【外交ごっこのツケ】民主党政権の禍根(下)
ルール無視 個人プレーで国益消失
「民主党は中国共産党の職員に対し、もともとは税金のお金を渡している。とんでもない外交だ!」
4月4日の参院予算委員会。自民党の西田昌司氏は民主党の対中外交を厳しく批判した。
西田氏が指摘したのは、中国共産党の対外政治工作にもかかわる中央対外連絡部の職員が、民主党の留学支援で一橋大に留学していた問題だ。政治資金収支報告書によると、民主党は平成16年1月からの9カ月間で計142万2600円をこの職員に支出している。
野田佳彦首相は事実関係を認めた上で目的についてこう答弁した。
「日中の友好促進にとってお互いの理解を深めるには国対国、民間対民間あるいは政党対政党、さまざまなチャンネルを通じた交流は必要だ」
だが、外務省の中国担当経験者は「こんな話聞いたことがない。ちょっと考えられない」と語る。なぜ、わざわざ国民の税金である政党助成金を含む党費で、中共職員を接遇する必要があるのか。何の成果があるというのか。
小沢氏が“朝貢”
民主党外交の特徴は、外国勢力に対する警戒心の薄さにある。特に中国に対しては「外務省を通さず、それぞれの議員が直接、在日中国大使館などと交渉したがり収拾がつかない」(日中外交筋)という。
野田首相の制止を無視してイラン訪問を強行した鳩山由紀夫元首相(党外交担当最高顧問)だけが例外なのではない。政府と党、各議員で、それぞれの思惑や利害がらみのバラバラな対応となりがちだ。
民主党政権発足直後の21年12月、当時の小沢一郎幹事長は党所属国会議員142人を伴って中国を訪問した。秘書や後援会関係者を合わせると600人規模の「史上最大の海外訪問団」(外務省関係者)で、「朝貢外交」ともいわれた。
そしてその直後に来日した中国の習近平国家副主席が、会見希望日の1カ月前までに申請する「1カ月ルール」を破って天皇陛下と「特例会見」を行った。
外務省も宮内庁も反対したが、小沢氏がいったんは会見断念に傾いた鳩山首相に電話をかけ「いったい何をやっているんだ!」とごり押ししたのだ。

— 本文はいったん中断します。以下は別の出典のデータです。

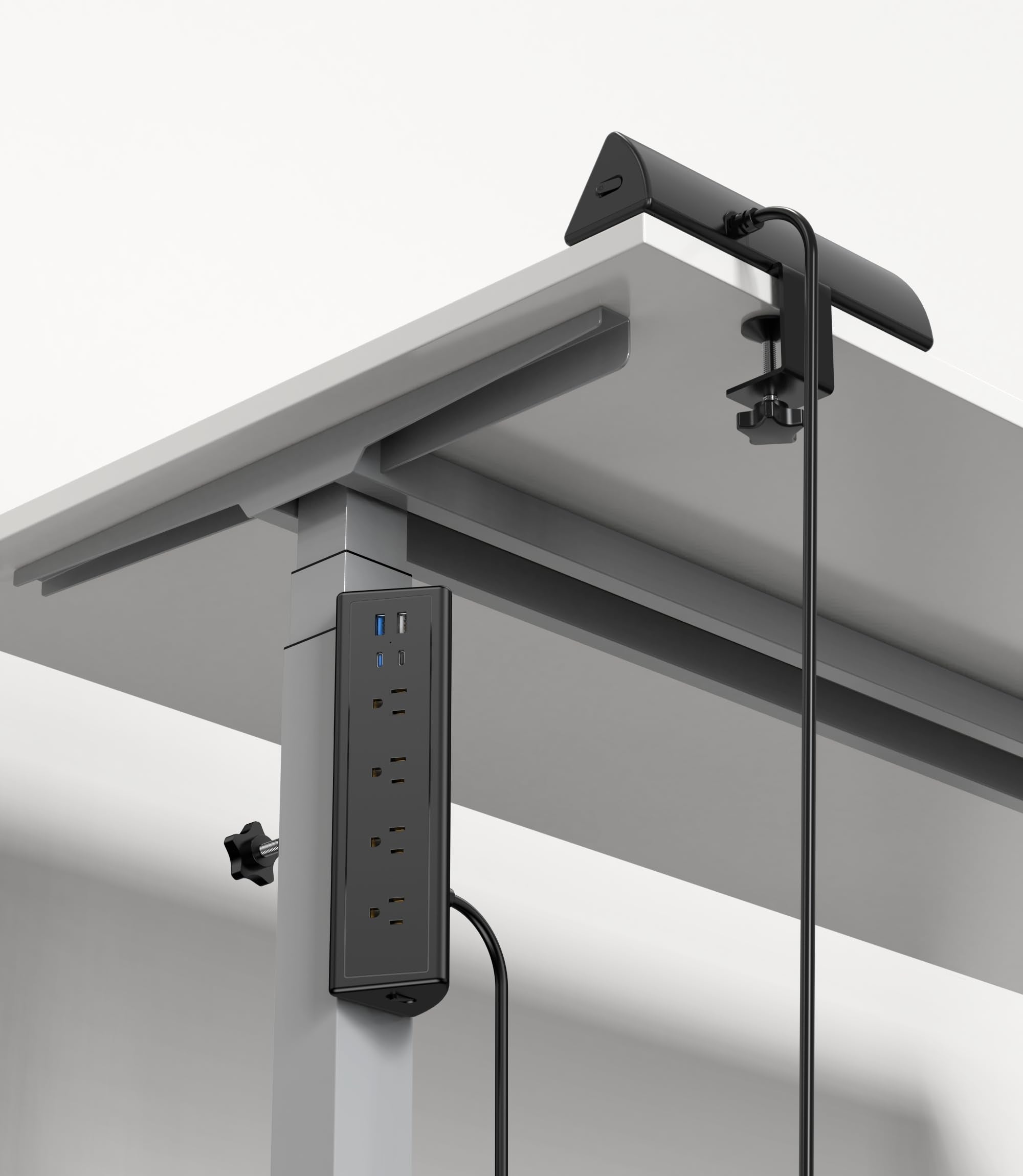 Jgstkcity Desk Clamp Power Strip,20W Fast Charging Station,Surge Protector Nightstand Edge Mount,1875W Extension Cord with Multiple Outlets,2 USB-C,2 USB-A,for Home Office (Black, 10 FT)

特例会見実現で習副主席はライバルに差をつけ、胡錦濤国家主席の後継者は自分であると内外に印象づけることに成功した。同時に中国は民主党政権について、圧力を加えれば国内ルールを破ってでも従ってくると学習したのだろう。
仙谷氏は密使派遣
翌22年の9月には、沖縄・尖閣諸島沖で中国漁船が海上保安庁の巡視船に体当たりする事件が発生した。この時の菅直人首相も中国側の強硬姿勢に「ベタ折れ」(日中外交筋)し、勾留期限を待たずに超法規的に船長を釈放させた。中国の思惑通りに操られた揚げ句、こう那覇地検に責任をなすりつけもした。
「検察当局が事件の性質などを総合的に考慮し、国内法に基づいて粛々と判断した結果だ」
仙谷由人官房長官はやはり正規の外交ルートを通さず民主党の細野豪志幹事長代理を密使として中国に派遣し、関係修復を図った。こうした外交記録が残らない議員外交では、中国側にどんな言質をとられているか分からない。何らかの密約が交わされても、国民には検証不能という危険性がある。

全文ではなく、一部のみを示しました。